Но, так или иначе, эти гэбисты со мной разговаривали. И мне это казалось естественным. Ведь я видел и за ними систему взглядов. Это было преувеличением, такого среди них не водилось. Просто происходящее втайне и их беспокоило, а когда я начал ему находить объяснения - заинтересовывало. Они ведь тоже не воспитывались в специальных питомниках, а брались оттуда же, откуда были все: с заводов, фабрик, с институтской скамьи. Брали по анкетным данным, но это ведь не все. Потом для того, чтоб выживать, приходилось отказываться от совести, а то и просто звереть: требования были жесткие, а смысл деятельности неясен. Некоторые, хотя бы на первых порах, были бы не прочь представлять его более ясно - с ними я, видимо, и имел дело.

Мой роман с МГБ был широко известен. О нем знали все, кто со мной общался, и многие вокруг. Гнусных подозрений на мой счет он не вызвал - был только сигналом, что прокаженность с меня снята. За одним коротким исключением.

Однажды, придя к Коле Глазкову, я обнаружил того самого приятеля, которого приводил к Пете. На этот раз он стал петь другую песню, уже не в помощь органам, а в защиту от них. Он начал убеждать Колину мать, что раз я "там" был, то просто так "оттуда" не отпускают, и следовательно, я представляю опасность для друзей... Колина мать перепугалась и стала отказывать мне от дома. Но последствий этот демарш не имел ввиду очевидной его фантастичности. Я продолжал приходить к Коле, как и раньше, и отношения не стали менее доверительными.

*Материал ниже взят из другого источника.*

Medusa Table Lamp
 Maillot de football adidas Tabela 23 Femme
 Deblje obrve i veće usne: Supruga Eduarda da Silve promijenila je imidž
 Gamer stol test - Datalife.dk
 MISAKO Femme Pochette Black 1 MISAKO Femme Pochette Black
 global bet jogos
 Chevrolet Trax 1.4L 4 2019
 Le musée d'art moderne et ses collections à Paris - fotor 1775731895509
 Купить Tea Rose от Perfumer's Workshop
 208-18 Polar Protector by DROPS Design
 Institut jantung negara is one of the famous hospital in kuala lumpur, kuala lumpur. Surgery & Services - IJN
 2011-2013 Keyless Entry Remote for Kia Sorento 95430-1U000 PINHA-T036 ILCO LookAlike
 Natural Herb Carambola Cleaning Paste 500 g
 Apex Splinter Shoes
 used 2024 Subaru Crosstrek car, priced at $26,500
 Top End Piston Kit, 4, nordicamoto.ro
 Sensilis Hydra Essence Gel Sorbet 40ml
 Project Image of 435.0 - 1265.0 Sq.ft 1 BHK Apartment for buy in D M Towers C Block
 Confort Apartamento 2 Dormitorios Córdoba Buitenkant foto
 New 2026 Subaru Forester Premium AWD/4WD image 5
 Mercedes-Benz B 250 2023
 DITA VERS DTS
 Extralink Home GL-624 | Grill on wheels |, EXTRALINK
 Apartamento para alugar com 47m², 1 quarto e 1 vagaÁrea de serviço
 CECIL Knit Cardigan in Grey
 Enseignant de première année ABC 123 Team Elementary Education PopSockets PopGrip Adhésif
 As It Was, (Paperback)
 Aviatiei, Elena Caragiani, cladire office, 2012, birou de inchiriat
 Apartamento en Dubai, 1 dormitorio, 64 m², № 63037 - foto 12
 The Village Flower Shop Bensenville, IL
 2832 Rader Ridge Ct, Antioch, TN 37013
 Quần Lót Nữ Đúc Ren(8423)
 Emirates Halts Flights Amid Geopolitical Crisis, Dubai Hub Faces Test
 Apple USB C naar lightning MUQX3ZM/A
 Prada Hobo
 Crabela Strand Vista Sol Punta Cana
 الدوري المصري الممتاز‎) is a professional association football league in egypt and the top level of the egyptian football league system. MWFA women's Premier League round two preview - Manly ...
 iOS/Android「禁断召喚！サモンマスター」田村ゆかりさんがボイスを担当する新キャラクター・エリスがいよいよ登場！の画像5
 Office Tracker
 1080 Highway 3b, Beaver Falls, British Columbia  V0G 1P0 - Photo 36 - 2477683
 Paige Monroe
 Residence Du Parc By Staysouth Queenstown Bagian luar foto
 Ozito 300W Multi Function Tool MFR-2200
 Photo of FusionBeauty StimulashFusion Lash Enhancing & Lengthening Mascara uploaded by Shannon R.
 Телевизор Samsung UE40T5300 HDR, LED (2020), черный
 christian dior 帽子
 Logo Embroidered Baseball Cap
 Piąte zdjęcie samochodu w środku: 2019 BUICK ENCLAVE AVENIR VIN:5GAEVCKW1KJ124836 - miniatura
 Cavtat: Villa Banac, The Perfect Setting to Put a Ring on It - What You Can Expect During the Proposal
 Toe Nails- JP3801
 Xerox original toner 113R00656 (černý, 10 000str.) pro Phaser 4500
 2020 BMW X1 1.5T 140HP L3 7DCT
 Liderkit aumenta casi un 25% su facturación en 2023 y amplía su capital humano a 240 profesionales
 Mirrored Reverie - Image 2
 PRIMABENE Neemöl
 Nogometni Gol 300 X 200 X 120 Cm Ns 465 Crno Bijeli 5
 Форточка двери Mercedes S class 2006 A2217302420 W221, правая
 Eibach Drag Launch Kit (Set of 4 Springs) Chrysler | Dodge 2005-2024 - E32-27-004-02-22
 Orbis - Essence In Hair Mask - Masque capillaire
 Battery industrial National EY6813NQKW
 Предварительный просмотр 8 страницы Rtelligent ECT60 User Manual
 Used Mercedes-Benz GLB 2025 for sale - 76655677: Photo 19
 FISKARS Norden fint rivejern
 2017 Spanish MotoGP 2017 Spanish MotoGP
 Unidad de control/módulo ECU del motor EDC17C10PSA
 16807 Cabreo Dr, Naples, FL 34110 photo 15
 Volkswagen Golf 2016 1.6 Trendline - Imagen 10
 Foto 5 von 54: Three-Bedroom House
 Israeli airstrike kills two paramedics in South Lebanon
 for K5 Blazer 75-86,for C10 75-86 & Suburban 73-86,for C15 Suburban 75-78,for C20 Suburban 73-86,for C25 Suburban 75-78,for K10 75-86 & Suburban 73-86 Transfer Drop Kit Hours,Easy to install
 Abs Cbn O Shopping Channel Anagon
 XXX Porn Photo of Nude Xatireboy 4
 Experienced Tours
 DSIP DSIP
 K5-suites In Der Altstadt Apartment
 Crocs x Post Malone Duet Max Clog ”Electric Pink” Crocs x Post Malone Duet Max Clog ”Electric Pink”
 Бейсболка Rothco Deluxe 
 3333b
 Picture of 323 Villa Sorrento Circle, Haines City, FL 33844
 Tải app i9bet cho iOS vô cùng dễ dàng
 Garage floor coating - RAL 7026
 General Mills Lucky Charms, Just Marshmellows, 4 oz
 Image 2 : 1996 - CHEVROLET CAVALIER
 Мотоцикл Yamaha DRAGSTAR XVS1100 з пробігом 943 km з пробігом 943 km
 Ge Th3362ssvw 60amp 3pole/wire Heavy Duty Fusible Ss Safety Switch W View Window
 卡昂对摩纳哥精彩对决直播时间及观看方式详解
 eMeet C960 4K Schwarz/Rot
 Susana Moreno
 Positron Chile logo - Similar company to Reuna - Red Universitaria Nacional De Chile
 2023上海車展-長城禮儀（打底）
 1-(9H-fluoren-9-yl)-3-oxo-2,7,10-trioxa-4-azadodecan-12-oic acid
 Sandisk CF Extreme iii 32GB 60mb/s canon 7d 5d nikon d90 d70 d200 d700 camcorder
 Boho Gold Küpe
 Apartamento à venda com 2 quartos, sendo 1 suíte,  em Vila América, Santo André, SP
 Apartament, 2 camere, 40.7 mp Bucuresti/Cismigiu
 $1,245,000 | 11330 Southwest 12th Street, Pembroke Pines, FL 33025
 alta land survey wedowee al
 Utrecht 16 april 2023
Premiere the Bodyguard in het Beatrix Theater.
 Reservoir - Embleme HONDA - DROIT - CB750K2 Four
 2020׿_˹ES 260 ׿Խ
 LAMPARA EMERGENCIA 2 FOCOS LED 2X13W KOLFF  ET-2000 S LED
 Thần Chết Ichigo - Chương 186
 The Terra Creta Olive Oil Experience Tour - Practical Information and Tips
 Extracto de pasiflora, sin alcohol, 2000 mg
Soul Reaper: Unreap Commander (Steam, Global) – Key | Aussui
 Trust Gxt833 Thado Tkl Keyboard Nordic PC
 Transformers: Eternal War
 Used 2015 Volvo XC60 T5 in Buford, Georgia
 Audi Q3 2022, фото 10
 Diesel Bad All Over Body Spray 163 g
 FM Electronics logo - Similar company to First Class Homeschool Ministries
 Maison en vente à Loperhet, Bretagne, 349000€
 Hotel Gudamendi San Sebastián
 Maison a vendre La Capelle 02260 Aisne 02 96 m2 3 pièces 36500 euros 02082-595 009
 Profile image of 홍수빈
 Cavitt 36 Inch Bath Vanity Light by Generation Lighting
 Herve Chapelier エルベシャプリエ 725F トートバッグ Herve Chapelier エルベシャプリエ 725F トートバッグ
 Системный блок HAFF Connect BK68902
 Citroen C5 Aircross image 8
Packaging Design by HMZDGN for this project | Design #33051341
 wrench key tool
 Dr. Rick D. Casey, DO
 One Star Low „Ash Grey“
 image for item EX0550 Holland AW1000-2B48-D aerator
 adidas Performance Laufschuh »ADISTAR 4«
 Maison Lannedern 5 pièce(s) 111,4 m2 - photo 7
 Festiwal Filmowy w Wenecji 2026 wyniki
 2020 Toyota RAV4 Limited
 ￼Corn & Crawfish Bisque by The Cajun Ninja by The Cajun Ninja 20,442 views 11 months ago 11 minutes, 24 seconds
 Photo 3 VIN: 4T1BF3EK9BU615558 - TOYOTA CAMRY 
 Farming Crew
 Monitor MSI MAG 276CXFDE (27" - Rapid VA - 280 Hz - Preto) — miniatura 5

На этом (во всяком случае, на такой ноте) мое общение с этим (каким точно - не знаю) отделом МГБ кончилось. В ноябре-декабре 1947 года, когда вокруг меня опять начала образовываться зона пустоты, я еще раз позвонил Василию Михайловичу, но на этот раз руки мне не протянули. Благодарю за это судьбу, верней, Бога. Но это имеет отношение не только к "роману", но и ко всему моему внутреннему развитию в те годы.

УПОЕНИЕ У БЕЗДНЫ-2

О своем "романе с МГБ" я рассказал все, что помню. Поэтому рассказывать о своей жизни в послевоенные, для меня предарестные годы я буду почти без всякого упоминания о нем. Должен, однако, сказать, что этот "роман", произведя сильное впечатление, все же большого места в моем внутреннем развитии и вообще в моей жизни не занимал. Конечно, если забыть о том, что он вообще дал этой жизни состояться - освободил меня от прокаженности. А так - даже романтический "культ Чека", бывший неотъемлемой составной моего тогдашнего мироощущения, возник во мне, как знает читатель, задолго до этого "романа". "Роман" его только не опроверг. И поэтому сильно помог поверить в выдуманную мной картину современности. Культ этот не прошел и после встречи с новым начальником. Но о мировоззрении и мироощущении - чуть позже.

Могу только сказать, что за все "доарестные прозрения", о которых мне стыдно вспоминать, несу ответственность лично я, а отнюдь не "мои чекисты".

Конечно, вины за атмосферу, в которой с помощью их учреждения вынужден был жить и "воспитываться" весь народ огромной страны, с них снять никто не может. Но в этом они виноваты, так сказать, в составе всего учреждения, да и всей системы, и перед всем народом. Передо мной не больше, чем перед любым другим, в том числе и перед самими собой. Уверен, что, когда потом меня опять обложили и на этот раз довели дело до конца, это было сделано не по их инициативе, хотя и при их стойке "Смирно!". Но это случилось через два с половиной - три года, в самый разгар моего форсированного причастия к духу сталинщины. А мы пока находимся в самом его начале.